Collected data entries
_ _ _ _
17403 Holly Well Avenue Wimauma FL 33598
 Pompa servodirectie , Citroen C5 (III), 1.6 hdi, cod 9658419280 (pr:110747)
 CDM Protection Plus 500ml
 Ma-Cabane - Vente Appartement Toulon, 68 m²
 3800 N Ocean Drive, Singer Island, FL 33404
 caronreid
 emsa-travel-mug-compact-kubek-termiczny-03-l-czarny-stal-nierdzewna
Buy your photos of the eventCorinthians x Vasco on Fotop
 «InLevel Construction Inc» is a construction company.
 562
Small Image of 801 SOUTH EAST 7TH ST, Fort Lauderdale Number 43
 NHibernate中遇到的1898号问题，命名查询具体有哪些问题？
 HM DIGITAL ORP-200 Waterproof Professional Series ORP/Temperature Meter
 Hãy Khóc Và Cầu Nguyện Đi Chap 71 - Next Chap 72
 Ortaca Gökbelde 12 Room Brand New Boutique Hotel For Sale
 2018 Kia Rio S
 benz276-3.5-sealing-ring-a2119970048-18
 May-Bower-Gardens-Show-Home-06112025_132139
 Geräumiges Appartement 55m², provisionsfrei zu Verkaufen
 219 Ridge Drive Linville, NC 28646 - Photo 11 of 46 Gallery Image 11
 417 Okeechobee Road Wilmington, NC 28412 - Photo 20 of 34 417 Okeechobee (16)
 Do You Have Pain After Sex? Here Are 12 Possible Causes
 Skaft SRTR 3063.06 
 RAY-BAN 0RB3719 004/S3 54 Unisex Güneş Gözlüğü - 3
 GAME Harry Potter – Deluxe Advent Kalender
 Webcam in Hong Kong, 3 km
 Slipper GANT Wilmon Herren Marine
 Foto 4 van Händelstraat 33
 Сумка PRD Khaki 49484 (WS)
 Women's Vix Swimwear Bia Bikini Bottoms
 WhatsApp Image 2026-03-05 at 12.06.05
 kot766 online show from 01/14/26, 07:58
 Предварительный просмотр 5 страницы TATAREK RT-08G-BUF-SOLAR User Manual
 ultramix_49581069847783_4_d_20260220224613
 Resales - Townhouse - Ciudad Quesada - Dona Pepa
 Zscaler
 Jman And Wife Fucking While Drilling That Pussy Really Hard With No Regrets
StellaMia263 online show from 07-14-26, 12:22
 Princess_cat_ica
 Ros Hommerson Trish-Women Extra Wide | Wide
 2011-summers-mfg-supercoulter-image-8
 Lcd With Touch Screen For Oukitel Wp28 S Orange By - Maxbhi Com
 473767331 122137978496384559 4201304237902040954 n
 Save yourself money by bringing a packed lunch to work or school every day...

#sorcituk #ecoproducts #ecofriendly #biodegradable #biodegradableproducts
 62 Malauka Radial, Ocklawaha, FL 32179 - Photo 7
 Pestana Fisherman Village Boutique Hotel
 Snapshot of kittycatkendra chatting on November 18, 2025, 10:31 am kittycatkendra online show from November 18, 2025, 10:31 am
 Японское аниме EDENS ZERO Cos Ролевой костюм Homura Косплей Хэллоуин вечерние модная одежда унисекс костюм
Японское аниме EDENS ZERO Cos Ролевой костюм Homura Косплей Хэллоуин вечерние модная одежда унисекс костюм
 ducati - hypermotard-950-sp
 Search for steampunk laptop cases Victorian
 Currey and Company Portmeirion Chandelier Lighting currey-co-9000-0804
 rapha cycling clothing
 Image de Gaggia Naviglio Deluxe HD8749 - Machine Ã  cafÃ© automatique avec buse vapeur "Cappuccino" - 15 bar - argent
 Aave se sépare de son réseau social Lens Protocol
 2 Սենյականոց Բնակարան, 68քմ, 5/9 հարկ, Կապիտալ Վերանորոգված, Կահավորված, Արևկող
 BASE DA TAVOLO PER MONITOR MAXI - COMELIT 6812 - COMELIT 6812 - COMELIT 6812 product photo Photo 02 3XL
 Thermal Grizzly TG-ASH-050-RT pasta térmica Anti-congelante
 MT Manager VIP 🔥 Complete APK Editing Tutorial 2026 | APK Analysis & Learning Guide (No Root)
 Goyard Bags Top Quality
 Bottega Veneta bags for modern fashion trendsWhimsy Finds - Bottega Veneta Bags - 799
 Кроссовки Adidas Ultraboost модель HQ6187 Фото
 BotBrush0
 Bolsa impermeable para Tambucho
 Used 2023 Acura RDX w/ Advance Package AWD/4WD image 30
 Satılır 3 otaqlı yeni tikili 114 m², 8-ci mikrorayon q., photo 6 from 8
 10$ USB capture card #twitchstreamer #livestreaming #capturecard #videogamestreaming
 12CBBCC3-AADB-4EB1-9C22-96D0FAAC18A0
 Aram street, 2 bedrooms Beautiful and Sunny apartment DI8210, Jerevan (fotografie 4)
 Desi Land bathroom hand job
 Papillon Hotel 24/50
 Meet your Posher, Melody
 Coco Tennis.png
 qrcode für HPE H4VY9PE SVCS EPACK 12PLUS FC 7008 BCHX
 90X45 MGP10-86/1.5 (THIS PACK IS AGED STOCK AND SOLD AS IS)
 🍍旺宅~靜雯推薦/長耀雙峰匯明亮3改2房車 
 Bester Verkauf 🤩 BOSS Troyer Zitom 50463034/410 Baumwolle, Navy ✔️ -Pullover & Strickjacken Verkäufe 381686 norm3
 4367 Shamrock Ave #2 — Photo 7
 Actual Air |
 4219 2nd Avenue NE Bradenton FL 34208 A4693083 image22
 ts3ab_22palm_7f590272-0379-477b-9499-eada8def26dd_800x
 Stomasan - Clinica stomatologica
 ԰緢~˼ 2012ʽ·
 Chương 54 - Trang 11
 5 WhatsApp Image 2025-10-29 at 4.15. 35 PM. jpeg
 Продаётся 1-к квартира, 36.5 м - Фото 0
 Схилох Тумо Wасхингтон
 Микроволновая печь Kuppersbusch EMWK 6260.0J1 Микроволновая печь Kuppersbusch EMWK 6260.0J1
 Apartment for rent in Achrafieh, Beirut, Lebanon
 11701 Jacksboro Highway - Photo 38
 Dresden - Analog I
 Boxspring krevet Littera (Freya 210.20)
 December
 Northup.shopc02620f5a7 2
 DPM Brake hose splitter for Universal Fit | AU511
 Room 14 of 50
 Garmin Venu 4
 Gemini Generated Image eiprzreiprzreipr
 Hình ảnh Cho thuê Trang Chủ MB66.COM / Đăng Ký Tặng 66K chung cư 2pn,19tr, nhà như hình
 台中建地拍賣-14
_ _ _ _
**EXERCISE**:
Please set down all of the data above again, matching it exactly.

**COMPLETED TASK**:
17403 Holly Well Avenue Wimauma FL 33598
 Pompa servodirectie , Citroen C5 (III), 1.6 hdi, cod 9658419280 (pr:110747)
 CDM Protection Plus 500ml
 Ma-Cabane - Vente Appartement Toulon, 68 m²
 3800 N Ocean Drive, Singer Island, FL 33404
 caronreid
 emsa-travel-mug-compact-kubek-termiczny-03-l-czarny-stal-nierdzewna
Buy your photos of the eventCorinthians x Vasco on Fotop
 «InLevel Construction Inc» is a construction company.
 562
Small Image of 801 SOUTH EAST 7TH ST, Fort Lauderdale Number 43
 NHibernate中遇到的1898号问题，命名查询具体有哪些问题？
 HM DIGITAL ORP-200 Waterproof Professional Series ORP/Temperature Meter
 Hãy Khóc Và Cầu Nguyện Đi Chap 71 - Next Chap 72
 Ortaca Gökbelde 12 Room Brand New Boutique Hotel For Sale
 2018 Kia Rio S
 benz276-3.5-sealing-ring-a2119970048-18
 May-Bower-Gardens-Show-Home-06112025_132139
 Geräumiges Appartement 55m², provisionsfrei zu Verkaufen
 219 Ridge Drive Linville, NC 28646 - Photo 11 of 46 Gallery Image 11
 417 Okeechobee Road Wilmington, NC 28412 - Photo 20 of 34 417 Okeechobee (16)
 Do You Have Pain After Sex? Here Are 12 Possible Causes
 Skaft SRTR 3063.06 
 RAY-BAN 0RB3719 004/S3 54 Unisex Güneş Gözlüğü - 3
 GAME Harry Potter – Deluxe Advent Kalender
 Webcam in Hong Kong, 3 km
 Slipper GANT Wilmon Herren Marine
 Foto 4 van Händelstraat 33
 Сумка PRD Khaki 49484 (WS)
 Women's Vix Swimwear Bia Bikini Bottoms
 WhatsApp Image 2026-03-05 at 12.06.05
 kot766 online show from 01/14/26, 07:58
 Предварительный просмотр 5 страницы TATAREK RT-08G-BUF-SOLAR User Manual
 ultramix_49581069847783_4_d_20260220224613
 Resales - Townhouse - Ciudad Quesada - Dona Pepa
 Zscaler
 Jman And Wife Fucking While Drilling That Pussy Really Hard With No Regrets
StellaMia263 online show from 07-14-26, 12:22
 Princess_cat_ica
 Ros Hommerson Trish-Women Extra Wide | Wide
 2011-summers-mfg-supercoulter-image-8
 Lcd With Touch Screen For Oukitel Wp28 S Orange By - Maxbhi Com
 473767331 122137978496384559 4201304237902040954 n
 Save yourself money by bringing a packed lunch to work or school every day...

#sorcituk #ecoproducts #ecofriendly #biodegradable #biodegradableproducts
 62 Malauka Radial, Ocklawaha, FL 32179 - Photo 7
 Pestana Fisherman Village Boutique Hotel
 Snapshot of kittycatkendra chatting on November 18, 2025, 10:31 am kittycatkendra online show from November 18, 2025, 10:31 am
 Японское аниме EDENS ZERO Cos Ролевой костюм Homura Косплей Хэллоуин вечерние модная одежда унисекс костюм
Японское аниме EDENS ZERO Cos Ролевой костюм Homura Косплей Хэллоуин вечерние модная одежда унисекс костюм
 ducati - hypermotard-950-sp
 Search for steampunk laptop cases Victorian
 Currey and Company Portmeirion Chandelier Lighting currey-co-9000-0804
 rapha cycling clothing
 Image de Gaggia Naviglio Deluxe HD8749 - Machine Ã  cafÃ© automatique avec buse vapeur "Cappuccino" - 15 bar - argent
 Aave se sépare de son réseau social Lens Protocol
 2 Սենյականոց Բնակարան, 68քմ, 5/9 հարկ, Կապիտալ Վերանորոգված, Կահավորված, Արևկող
 BASE DA TAVOLO PER MONITOR MAXI - COMELIT 6812 - COMELIT 6812 - COMELIT 6812 product photo Photo 02 3XL
 Thermal Grizzly TG-ASH-050-RT pasta térmica Anti-congelante
 MT Manager VIP 🔥 Complete APK Editing Tutorial 2026 | APK Analysis & Learning Guide (No Root)
 Goyard Bags Top Quality
 Bottega Veneta bags for modern fashion trendsWhimsy Finds - Bottega Veneta Bags - 799
 Кроссовки Adidas Ultraboost модель HQ6187 Фото
 BotBrush0
 Bolsa impermeable para Tambucho
 Used 2023 Acura RDX w/ Advance Package AWD/4WD image 30
 Satılır 3 otaqlı yeni tikili 114 m², 8-ci mikrorayon q., photo 6 from 8
 10$ USB capture card #twitchstreamer #livestreaming #capturecard #videogamestreaming
 12CBBCC3-AADB-4EB1-9C22-96D0FAAC18A0
 Aram street, 2 bedrooms Beautiful and Sunny apartment DI8210, Jerevan (fotografie 4)
 Desi Land bathroom hand job
 Papillon Hotel 24/50
 Meet your Posher, Melody
 Coco Tennis.png
 qrcode für HPE H4VY9PE SVCS EPACK 12PLUS FC 7008 BCHX
 90X45 MGP10-86/1.5 (THIS PACK IS AGED STOCK AND SOLD AS IS)
 🍍旺宅~靜雯推薦/長耀雙峰匯明亮3改2房車 
 Bester Verkauf 🤩 BOSS Troyer Zitom 50463034/410 Baumwolle, Navy ✔️ -Pullover & Strickjacken Verkäufe 381686 norm3
 4367 Shamrock Ave #2 — Photo 7
 Actual Air |
 4219 2nd Avenue NE Bradenton FL 34208 A4693083 image22
 ts3ab_22palm_7f590272-0379-477b-9499-eada8def26dd_800x
 Stomasan - Clinica stomatologica
 ԰緢~˼ 2012ʽ·
 Chương 54 - Trang 11
 5 WhatsApp Image 2025-10-29 at 4.15. 35 PM. jpeg
 Продаётся 1-к квартира, 36.5 м - Фото 0
 Схилох Тумо Wасхингтон
 Микроволновая печь Kuppersbusch EMWK 6260.0J1 Микроволновая печь Kuppersbusch EMWK 6260.0J1
 Apartment for rent in Achrafieh, Beirut, Lebanon
 11701 Jacksboro Highway - Photo 38
 Dresden - Analog I
 Boxspring krevet Littera (Freya 210.20)
 December
 Northup.shopc02620f5a7 2
 DPM Brake hose splitter for Universal Fit | AU511
 Room 14 of 50
 Garmin Venu 4
 Gemini Generated Image eiprzreiprzreipr
 Hình ảnh Cho thuê Trang Chủ MB66.COM / Đăng Ký Tặng 66K chung cư 2pn,19tr, nhà như hình
 台中建地拍賣-14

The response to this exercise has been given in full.